# What is being asked
Make an exact copy of all the data, pictures excluded.

[Records from a data source]
==*==
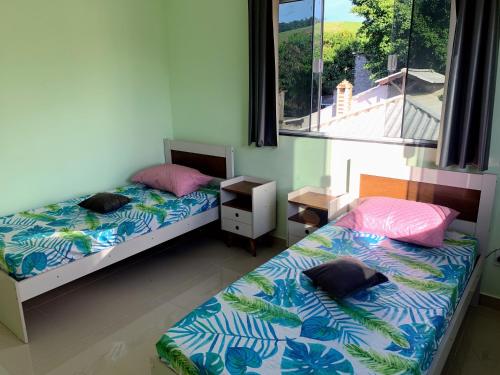 2 Betten in einem Zimmer mit Fenster in der Unterkunft Casa e área Gourmet. Cardoso Moreira-RJ in Cardoso Moreira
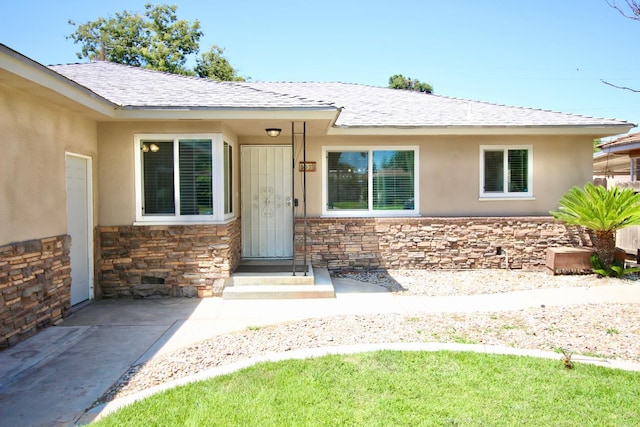 3377 E Richert Ave, Fresno, CA 93726 - view of exterior entry with stone siding, a shingled roof, and stucco siding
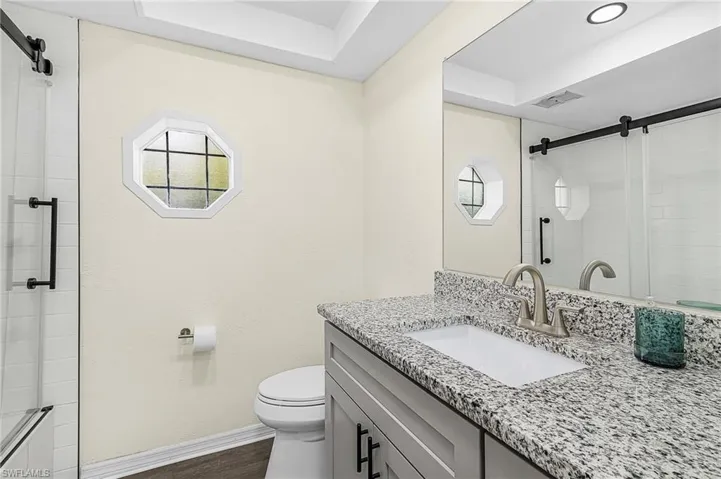 Bathroom with granite countertop, wood-finish flooring.
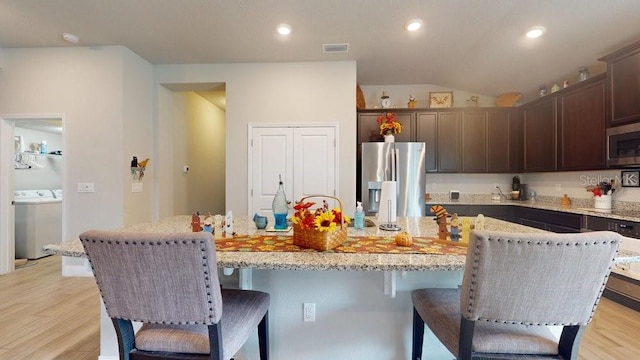 kitchen with washer / dryer, dark brown cabinetry, appliances with stainless steel finishes, and a kitchen island with sink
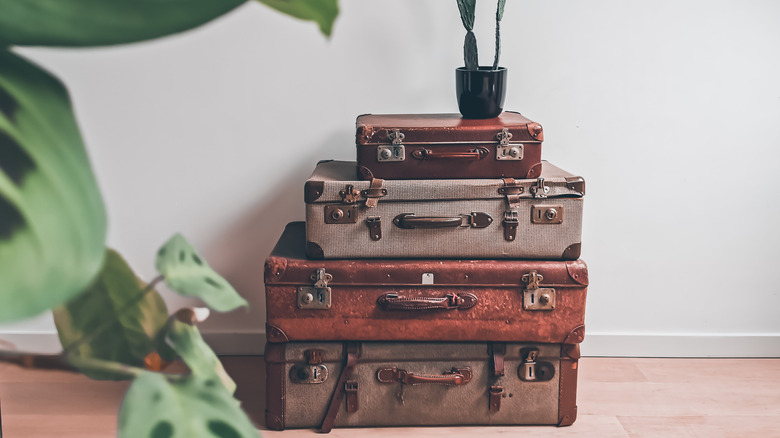 Old suitcases stacked in room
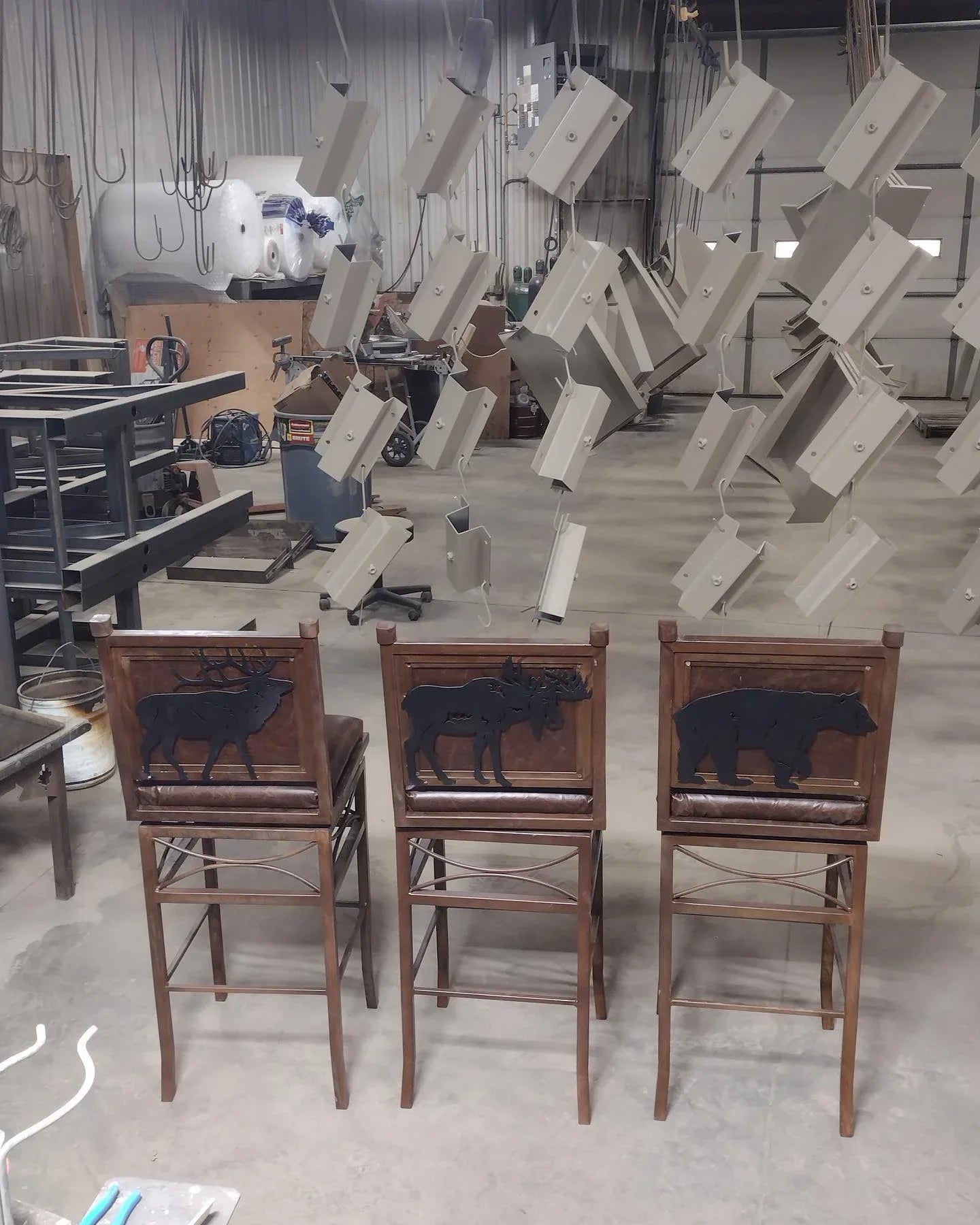 Custom option of iron wildlife images on backs of bar chairs - Your Western Decor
==*==
# Expected output
 2 Betten in einem Zimmer mit Fenster in der Unterkunft Casa e área Gourmet. Cardoso Moreira-RJ in Cardoso Moreira
 3377 E Richert Ave, Fresno, CA 93726 - view of exterior entry with stone siding, a shingled roof, and stucco siding
 Bathroom with granite countertop, wood-finish flooring.
 kitchen with washer / dryer, dark brown cabinetry, appliances with stainless steel finishes, and a kitchen island with sink
 Old suitcases stacked in room
 Custom option of iron wildlife images on backs of bar chairs - Your Western Decor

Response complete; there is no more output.